It’s sad because in today’s musical climate, great music gets swallowed up on a regular basis. Luckily for you, our loyal readers, we’re here to shine a light whenever possible on said diamonds in the rough! Today we’re focusing on a band that shouldn’t need an introduction….but here it is anyway!
That band in question is Audiotopsy who feature in their ranks former members of Mudvayne, HELLYEAH, and Skrape and have returned with a blistering sophomore album that feeds off the energy of their debut to create a sound that’s all their own.
“War” takes listeners back to a time when it was okay to slap any two words together or deliberately spell your band name with the wrong letters and is just an in-your-face reminder of the potency when members of Mudvayne and Skrape collaborate once again as Audiotopsy. But it’s “Hologram” that follows which really starts this shiznit, though, with Greg Tribbett’s riffage on full display and shredding along while Matthew McDonough pounds away with reckless abandon behind the kit.

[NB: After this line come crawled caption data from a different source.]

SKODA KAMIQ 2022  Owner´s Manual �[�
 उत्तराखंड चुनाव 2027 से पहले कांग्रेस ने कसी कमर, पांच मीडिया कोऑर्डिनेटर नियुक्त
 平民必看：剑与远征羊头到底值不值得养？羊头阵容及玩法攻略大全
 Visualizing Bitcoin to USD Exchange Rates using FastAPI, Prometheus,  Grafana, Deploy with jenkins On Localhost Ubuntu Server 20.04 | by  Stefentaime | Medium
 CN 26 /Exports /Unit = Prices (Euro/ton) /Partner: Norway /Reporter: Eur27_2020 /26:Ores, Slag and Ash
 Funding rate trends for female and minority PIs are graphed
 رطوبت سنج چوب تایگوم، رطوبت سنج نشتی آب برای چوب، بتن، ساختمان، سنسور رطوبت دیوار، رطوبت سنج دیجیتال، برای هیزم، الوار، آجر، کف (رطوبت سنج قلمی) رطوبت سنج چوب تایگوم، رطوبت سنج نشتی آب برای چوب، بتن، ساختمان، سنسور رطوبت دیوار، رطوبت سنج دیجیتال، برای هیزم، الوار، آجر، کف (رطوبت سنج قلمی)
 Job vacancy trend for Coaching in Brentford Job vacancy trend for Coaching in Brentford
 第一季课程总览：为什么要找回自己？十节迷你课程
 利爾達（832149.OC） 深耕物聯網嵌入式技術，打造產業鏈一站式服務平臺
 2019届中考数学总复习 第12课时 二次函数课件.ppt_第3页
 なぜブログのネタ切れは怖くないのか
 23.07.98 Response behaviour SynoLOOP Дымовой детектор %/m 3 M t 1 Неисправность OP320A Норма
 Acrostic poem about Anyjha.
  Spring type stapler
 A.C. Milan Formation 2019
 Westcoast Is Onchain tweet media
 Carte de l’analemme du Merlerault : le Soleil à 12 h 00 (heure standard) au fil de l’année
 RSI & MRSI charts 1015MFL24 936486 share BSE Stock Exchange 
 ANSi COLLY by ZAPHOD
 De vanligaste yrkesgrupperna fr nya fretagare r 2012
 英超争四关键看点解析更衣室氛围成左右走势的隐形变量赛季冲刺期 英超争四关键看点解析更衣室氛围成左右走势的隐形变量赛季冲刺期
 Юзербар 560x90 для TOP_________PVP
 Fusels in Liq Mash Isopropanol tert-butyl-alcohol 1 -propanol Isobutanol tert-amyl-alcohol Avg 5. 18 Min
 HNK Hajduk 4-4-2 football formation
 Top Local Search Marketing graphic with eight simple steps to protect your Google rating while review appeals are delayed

“Panic On The Airwaves” is like this Stone Temple Pilots/Alice In Chains hybrid combined with the absolute best tones nu-metal had to offer as lyrics like “I’ll forever be unhinged” ring out from Billy Keeton’s maw. Elsewhere, “Fade Away” is the kind of beast you’d come to expect when members of two nu-metal maelstroms collide as it pummels loudly yet retains a melodic side.
“Hurt Down”, on the other hand, is a wholly different mammer jammer with its’ moody and acoustic passages. For me, this is kind of like the third Audioslave album where it had similarities to the members’ former outfits but represented what the evolution of the collaboration should yield. That’s “Hurt Down” in a nutshell. “What Am I” continues that trend and is easy to hear why this was one of the bands’ lead off tracks with a catchy ass chorus accompanied by this sonic bludgeoning that’s easily become part of Audiotopsy’s signature sound.
“If Only” is loud and brash interspersed with proggy passages fueled by Perry Stern’s bass and McDonough’s syncopated attacks. Then we get to “A Death Benefit”. And it’s fucking weird. And that’s why it’s such a stand out. With this fuzzed out intro and a cacophonous array of swirling noises, this track like most on The Real Now is the sound of a band really finding their footing and creating something unique within the current musical climate.